We also get some iconic shots of Ginsburg as a young lawyer. Ginsburg, early in her career, fought for women’s rights. The fact that she was a lawyer in the first place was huge progress — she once said in conversation with Gloria Steinem, “I had three strikes against me. First, I was Jewish, and the Wall Street firms were just beginning to accept Jews. Then I was a woman. But the killer was my daughter Jane, who was 4 by then.”

She became a law professor in 1963 and in 1970, co-founded the Women’s Rights Law Reporter. She became the first tenured woman at Columbia Law school in 1972.

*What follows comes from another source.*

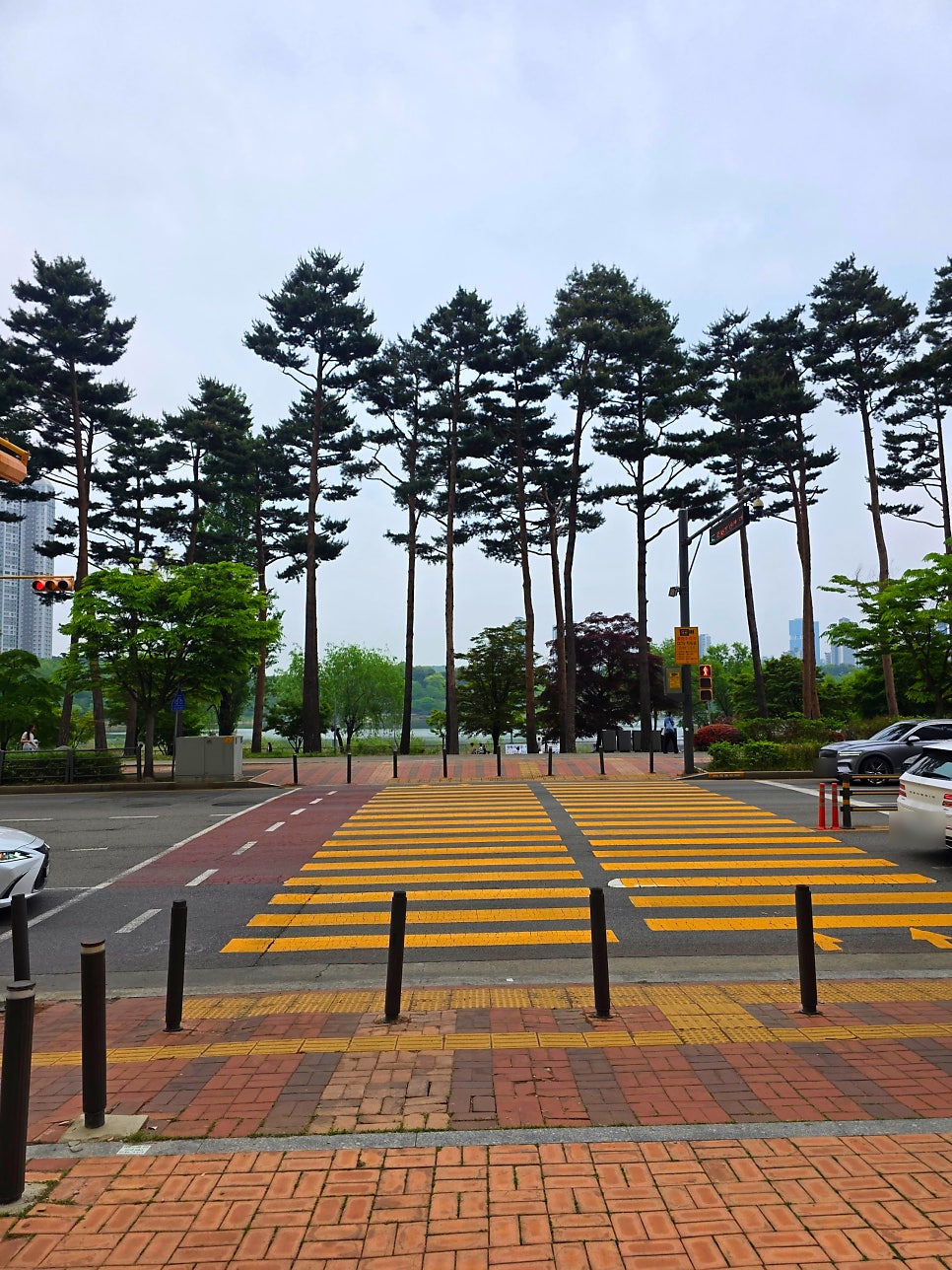 봄설 광교점 사진 1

The trailer then quotes a famous line from a case in 1976, Califano v. Goldfarb, where Ginsburg says to the court, “The point is that the discriminatory line almost inevitably hurts women.” The case — about discrimination against female wage earners — reached the Supreme Court.

RBG Trailer

Reflecting on those years, Ginsburg has said, “I did see myself as kind of a kindergarten teacher in those days, because the judges didn’t think sex discrimination existed.”

RBG Trailer

And, of course, the film focuses on her family and her husband, Martin Ginsburg. Over footage of Martin you hear Ruth say, “I have had the great good fortune to share life with a partner truly extraordinary for his generation.” This quote is from the hearings on her Supreme Court nomination in 1993, where she tells the Senate:

I am, as you know, from my responses to your queries, a Brooklyn native, born and bred, a first generation American on my father’s side, barely second generation on my mother’s. Neither of my parents had the means to attend college, but both taught me to love learning, to care about people, and to work hard for whatever I wanted or believed in. Their parents had the foresight to leave the old country when Jewish ancestry and faith meant exposure to pogroms and denigration of one’s human worth.

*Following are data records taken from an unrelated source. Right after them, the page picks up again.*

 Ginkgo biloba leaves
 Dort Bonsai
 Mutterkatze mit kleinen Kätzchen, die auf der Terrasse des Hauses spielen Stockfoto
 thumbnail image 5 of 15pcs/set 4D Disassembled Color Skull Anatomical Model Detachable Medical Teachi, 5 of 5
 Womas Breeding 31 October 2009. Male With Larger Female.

What has become of me could happen only in America. Like so many others, I owe so much to the entry this nation afforded to people yearning to breathe free. I have had the great good fortune to share life with a partner truly extraordinary for his generation, a man who believed at age 18 when we met, and who believes today, that a woman’s work, whether at home or on the job, is as important as a man’s. . . .

There are inklings in the trailer that make it seem that not only is this movie the extraordinary tale of Ginsburg, but of her love story. And her family’s support for her work and her career.

RBG Trailer

Ginsburg pictured in the trailer with Jimmy Carter, who first appointed her to the U.S. Court of Appeals for the District of Columbia Circuit in 1980.

RBG Trailer

The authors of Notorious RBG tell the filmmakers, “Every time Justice Ginsburg wrote a dissent, the internet would explode.”

RBG Trailer

And of course, the documentary is going to focus on iconic moments, like her swearing-in with President Bill Clinton on August 10, 1993. She was confirmed by the senate by a 96 to 3 vote.

RBG trailer

This image, shown near the end of the trailer, related to a ruling about Virginia Military Institute (VMI) in United States v. Virginia. The Supreme Court ruled in 1996 that VMI’s single sex admissions policy discriminates against women. Ginsburg wrote the majority opinion, arguing, “There is no reason to believe that the admission of women capable of all the activities required of VMI cadets would destroy the Institute rather than enhance its capacity to serve the ‘more perfect Union.'”

RBG Trailer

The second to last moment in the trailer is a quote from Ginsburg, speaking to the Senate at her confirmation hearing: “I surely would not be in this room today without the determined efforts of men and women who kept dreams alive.”

RBG Trailer

And of course, the trailer ends with Ginsburg working out. A picture of strength at 84.

If the trailer is any indication, this is going to be a powerful film about Ruth Bader Ginsburg’s life, career, and legacy. We are beyond excited.